Forschungsschwerpunkt Molekulare Epidemiologie und Klinische Mikrobiologie

Teamleiter*innen: Ivo Steinmetz, Eva Leitner-Meyer, Gabriel Wagner-Lichtenegger

Fokus: Kenntnisse über die Verbreitung von Infektionserregern in der Bevölkerung und in Gesundheitseinrichtungen sind essentiell für eine zielgerichtete Patient*innendiagnostik und die Überprüfung von Präventionsstrategien.

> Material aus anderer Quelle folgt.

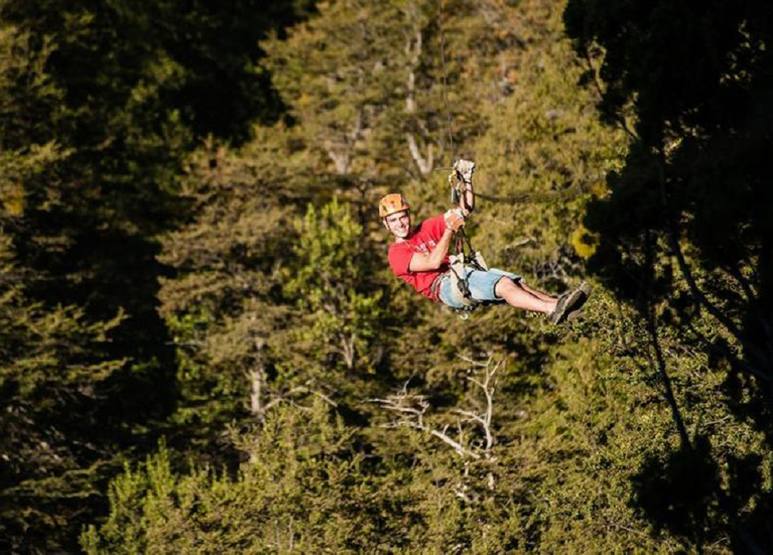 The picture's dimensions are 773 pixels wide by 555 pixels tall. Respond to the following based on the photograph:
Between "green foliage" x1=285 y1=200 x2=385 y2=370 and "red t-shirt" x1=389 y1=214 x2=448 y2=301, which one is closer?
"red t-shirt" x1=389 y1=214 x2=448 y2=301

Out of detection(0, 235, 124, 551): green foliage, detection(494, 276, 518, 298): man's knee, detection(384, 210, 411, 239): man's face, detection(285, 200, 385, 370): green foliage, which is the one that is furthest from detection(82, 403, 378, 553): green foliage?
detection(494, 276, 518, 298): man's knee

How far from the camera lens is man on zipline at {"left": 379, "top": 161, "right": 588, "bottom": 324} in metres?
9.92

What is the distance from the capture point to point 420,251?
1109 centimetres

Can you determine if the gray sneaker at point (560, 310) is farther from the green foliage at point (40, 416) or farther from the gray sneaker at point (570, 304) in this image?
the green foliage at point (40, 416)

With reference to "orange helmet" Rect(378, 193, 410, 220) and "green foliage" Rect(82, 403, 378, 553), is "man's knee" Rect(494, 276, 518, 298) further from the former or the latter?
"green foliage" Rect(82, 403, 378, 553)

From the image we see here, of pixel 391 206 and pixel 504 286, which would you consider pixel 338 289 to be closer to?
pixel 391 206

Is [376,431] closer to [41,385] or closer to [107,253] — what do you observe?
[41,385]

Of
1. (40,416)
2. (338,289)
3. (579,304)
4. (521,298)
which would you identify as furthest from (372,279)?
(579,304)

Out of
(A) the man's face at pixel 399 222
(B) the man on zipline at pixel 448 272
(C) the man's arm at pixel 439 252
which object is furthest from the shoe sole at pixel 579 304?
(A) the man's face at pixel 399 222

Eine State-of-the-art Methodik im Labor ist für die Identifizierung und Typisierung von Infektionserregern, neuen Erregervarianten und antimikrobiellen Resistenzen von zentraler Bedeutung. Es gibt auf diesem Gebiet eine Vielzahl neuer Entwicklungen die zum Ziel haben, die Schnelligkeit und Genauigkeit der Verfahren weiter zu verbessern. Ziel unserer Arbeiten ist es, diese Methoden weiter zu optimieren und deren zielgerichteten Einsatz zu evaluieren.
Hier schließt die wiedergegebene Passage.